Publicado em 17 Jul. 2022 às 20:09, por Pedro Sesinando, em Opinião, Notícias de cinema (Temas: O Espírito da Colmeia)
A primeira longa metragem da realizadora francesa Céline Dévaux teve estreia nacional em Vila do Conde.
Durante o habitual período de perguntas e respostas após a sessão em que foram apresentadas as curtas metragens de Céline Dévaux, a autora francesa manifestava algum arrependimento sobre a forma como conduziu o último desses trabalhos, "Le Gros Chagrin" de 2017, mais concretamente como lhe deu um tom demasiado depressivo e desprovido de esperança, sem permitir ao espectador abrir um diálogo com o próprio filme.
Este arrependimento parece ter estado presente na mente de Dévaux quando construiu "Toda a Gente Gosta de Jeanne" (Tout le monde aime Jeanne), a sua primeira longa metragem que estreou em solo nacional no Curtas de Vila do Conde, inserida na rubrica New Voices dedicada à cineasta e animadora francesa. De facto, embora ambos os filmes tenham semelhanças temáticas e mesmos estéticas (ambos conjugam acção real com animação), há uma diferença de tom bastante acentuada.
Filmado em Lisboa, o filme acompanha Jeanne (Blanche Gardin), uma jovem parisiense, cujos sérios contratempos a nível profissional e consequente regresso a Lisboa, a levam a confrontar-se de novo com a morte da mãe e com as memórias de infância em Portugal.
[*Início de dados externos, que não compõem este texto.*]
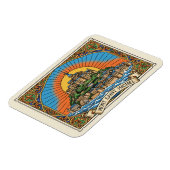 Mont Saint-Michel Magneet (Linkerzijde)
Em Lisboa, onde está a esvaziar a casa de infância que precisa de vender, as memórias vão-se sobrepondo e Jeanne afunda-se cada vez mais na sua angústia, entrando num estado depressivo que contrasta com a boa disposição da cidade.
Se estaríamos à partida perante uma história que teria tudo para se manter numa penumbra emocional, a verdade é que Dévaux evita manter Jeanne num processo de autocomiseração, apresentando o monólogo interior de Jeanne através de uma animação que aligeira o ambiente mas sobretudo, através da história que Jeanne vai construindo com as personagens de Jean (Laurent Laffitte) e Vítor (Nuno Lopes).
Para além do fundo cómico explorado durante o filme, há também um simbolismo em cada uma destas personagens no que concerne ao próprio processo mental de Jeanne.
Vítor é uma relação antiga de Jeanne, complicada e seguramente mal resolvida. Uma presença do passado e uma recordação de todas as decisões que levaram Jeanne ao lugar emocional onde se encontra.
Jean, embora tenha frequentado a mesma escola que Jeanne, é uma relação recente e alguém que age de forma errática e por vezes intrusiva e com quem Jeanne tem dificuldades em lidar. Jean, também por ter sobrevivido a uma depressão, simboliza a vida de Jeanne após a doença, a vida nova, nem sempre confortável.
Embora não reinvente a roda, nem a um nível estético, nem na própria construção das personagens, "Tout le monde aime Jeanne" é um filme que cumpre o seu propósito, abordando temas pesados sem se fechar em si mesmo e, acima de tudo, conseguindo desanuviar sem infantilizar. Compensou, a autocrítica de Céline Dévaux.
Distribuído em Portugal por Desforra Apache, ainda sem data de estreia comercial definida.